[Exercise input]:
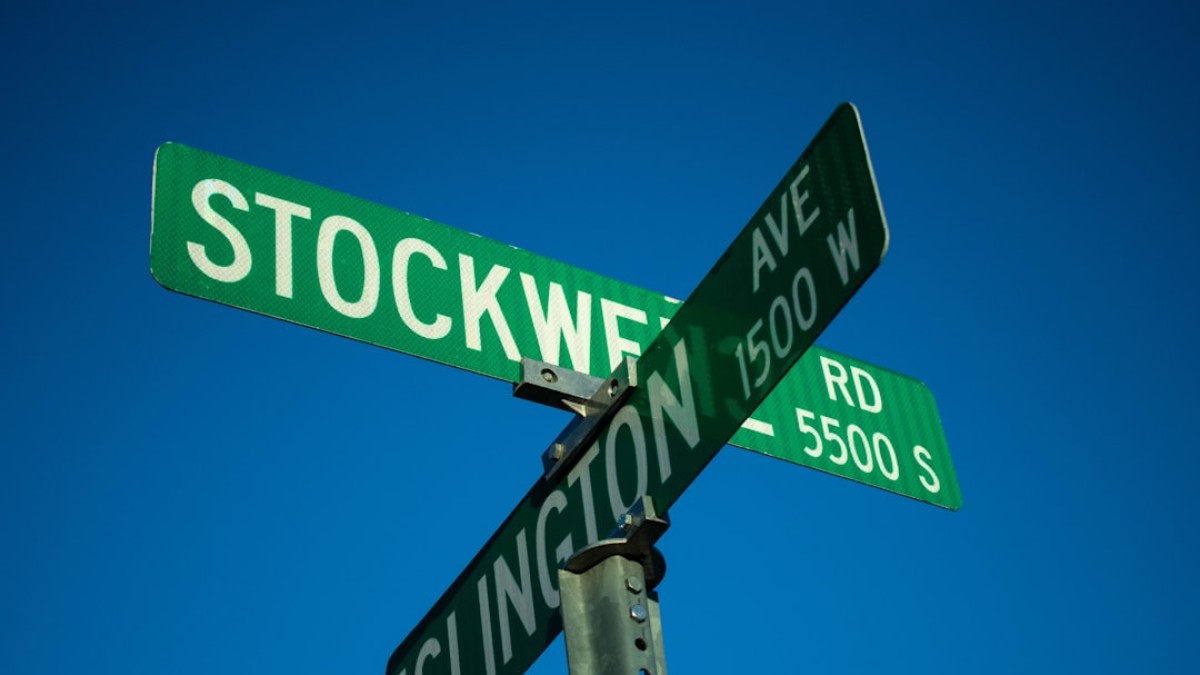 rood signage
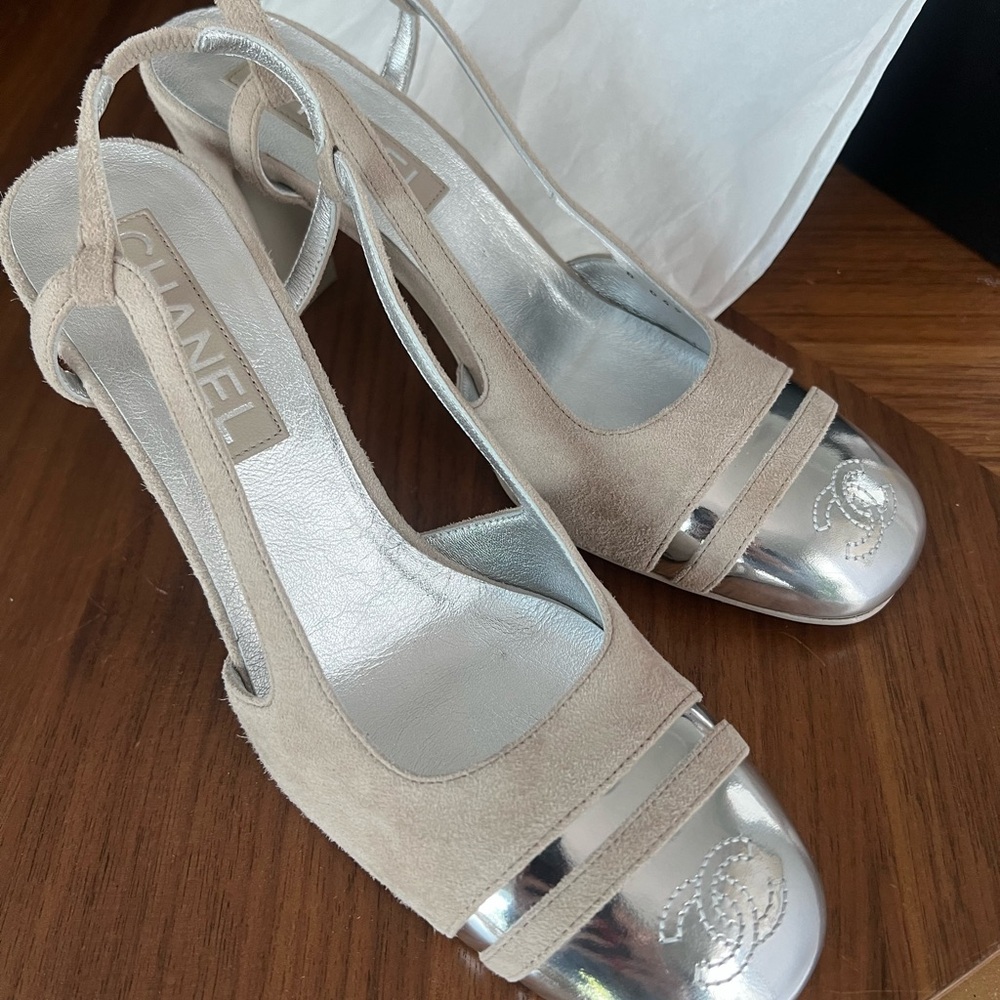 CHANEL Light Gray and Silver Slingback Heels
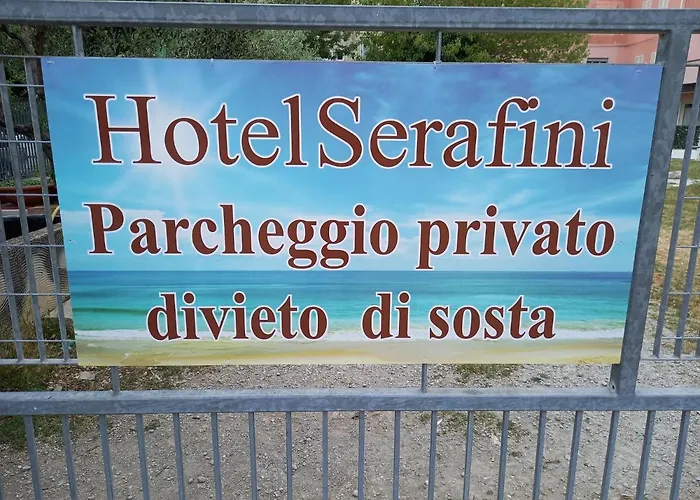 Serafini Free Parking 호텔 2*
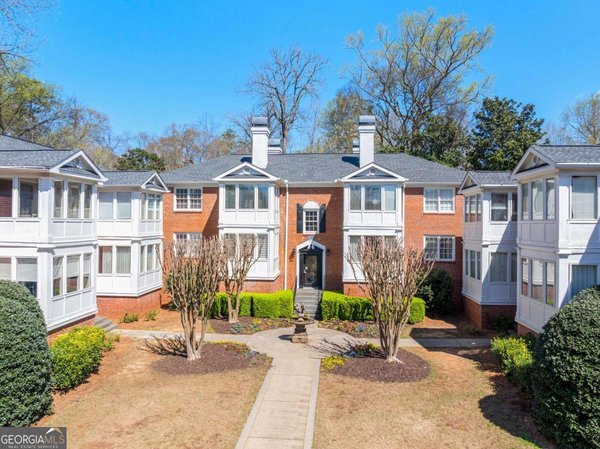 115 Peachtree Memorial Drive, Atlanta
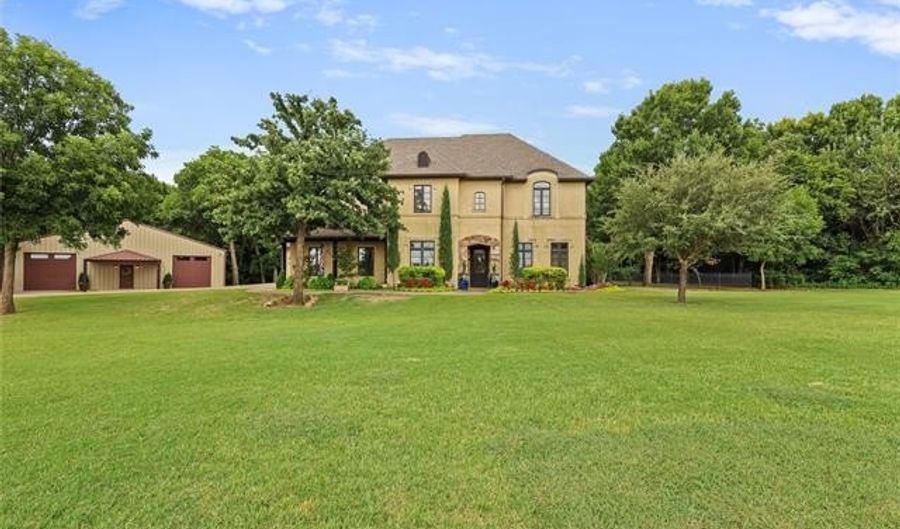 87 Tuscan Rd, Ardmore, OK 73401 - 5 Beds, 4 Bath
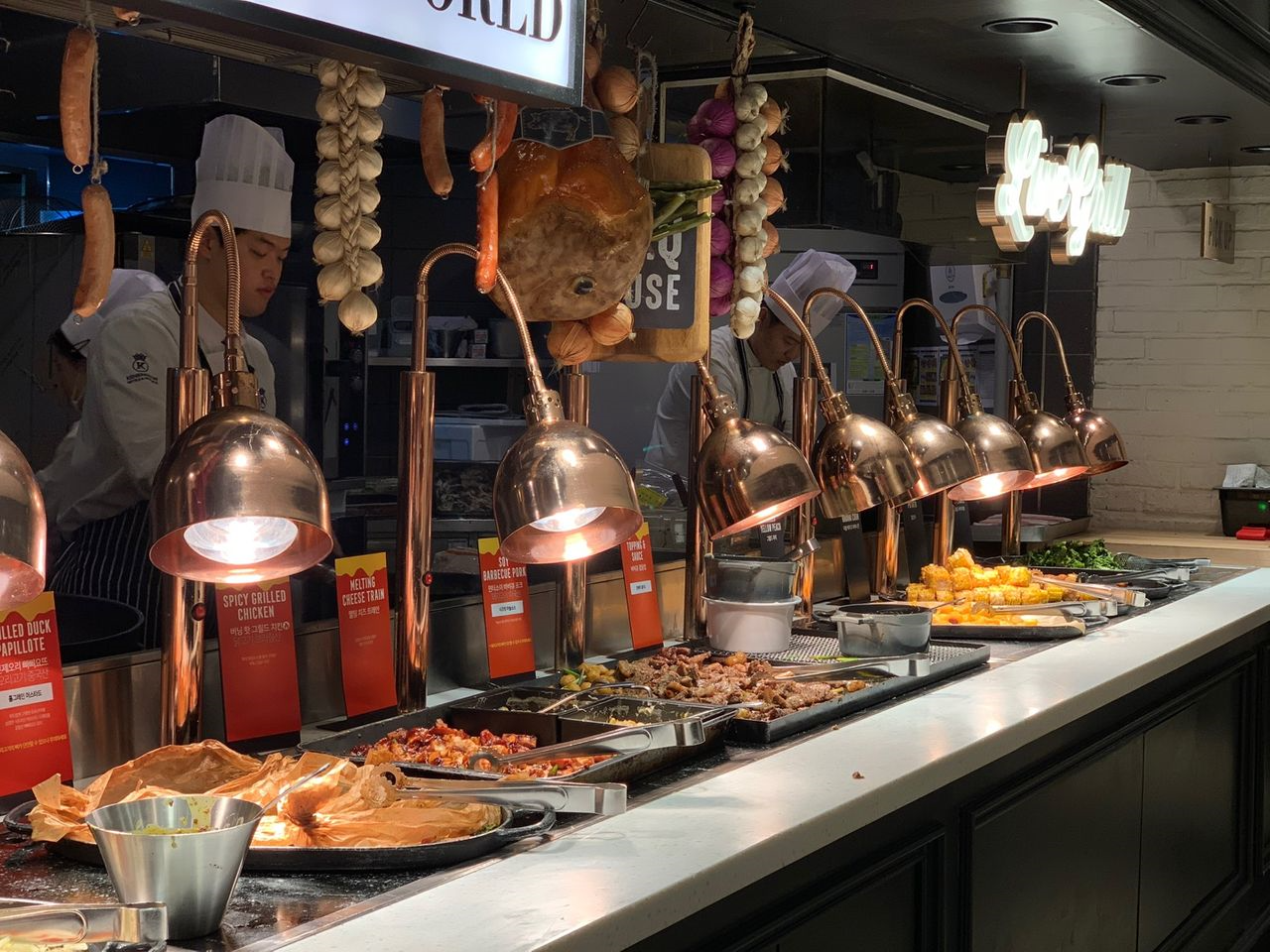 Ashleyに並ぶ食事メニュー、異なる料理が楽しめるバイキングメニュー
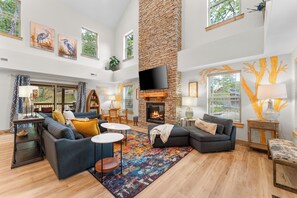 Smart TV, fireplace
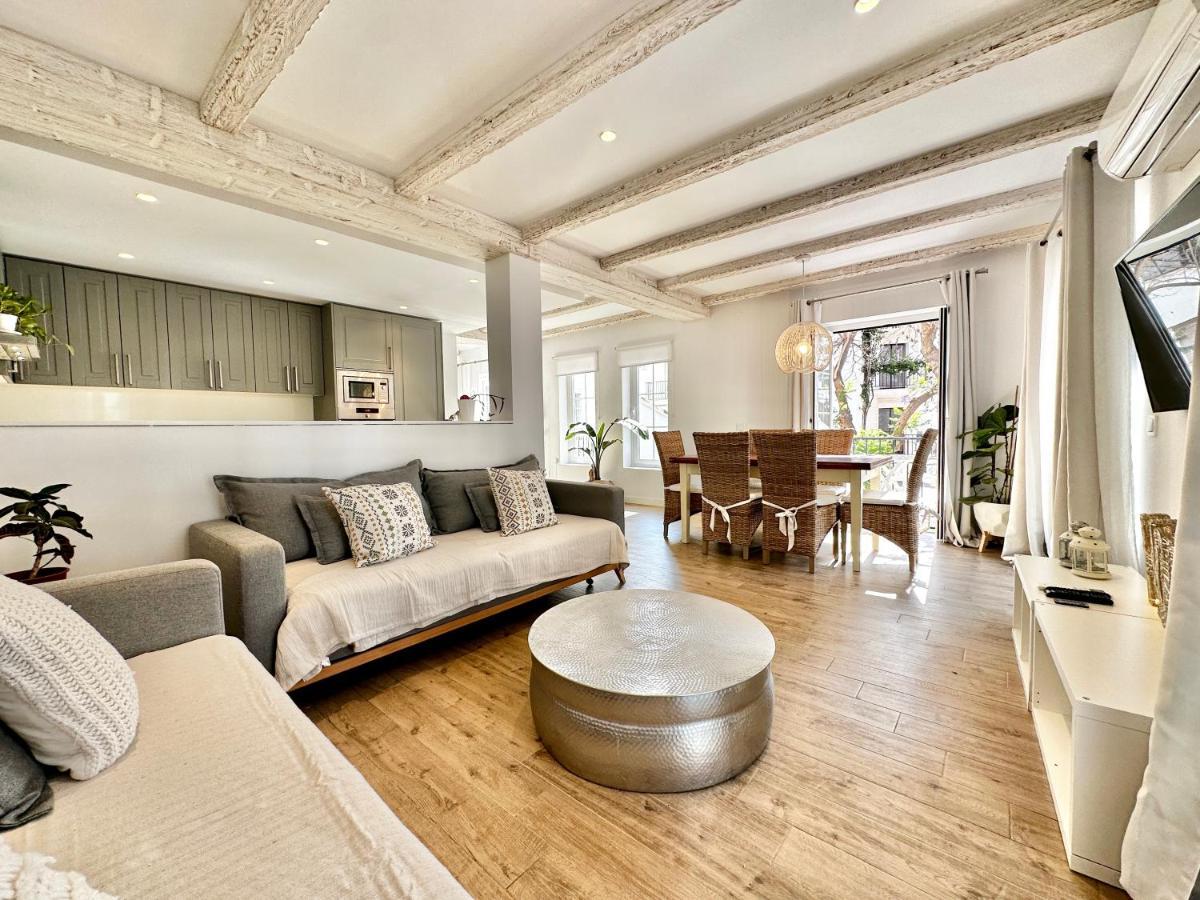 Old Town Modern Flat, 4 Minutes From Beach - Eaw Homes Marbella Kültér fotó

[Task instructions]: All that should be printed is the lines from the one containing "87 Tuscan Rd, Ardmore, OK" through the last line of the material above, both ends included, exactly as they stand; please skip the pictures.

[The answer]:
 87 Tuscan Rd, Ardmore, OK 73401 - 5 Beds, 4 Bath
 Ashleyに並ぶ食事メニュー、異なる料理が楽しめるバイキングメニュー
 Smart TV, fireplace
 Old Town Modern Flat, 4 Minutes From Beach - Eaw Homes Marbella Kültér fotó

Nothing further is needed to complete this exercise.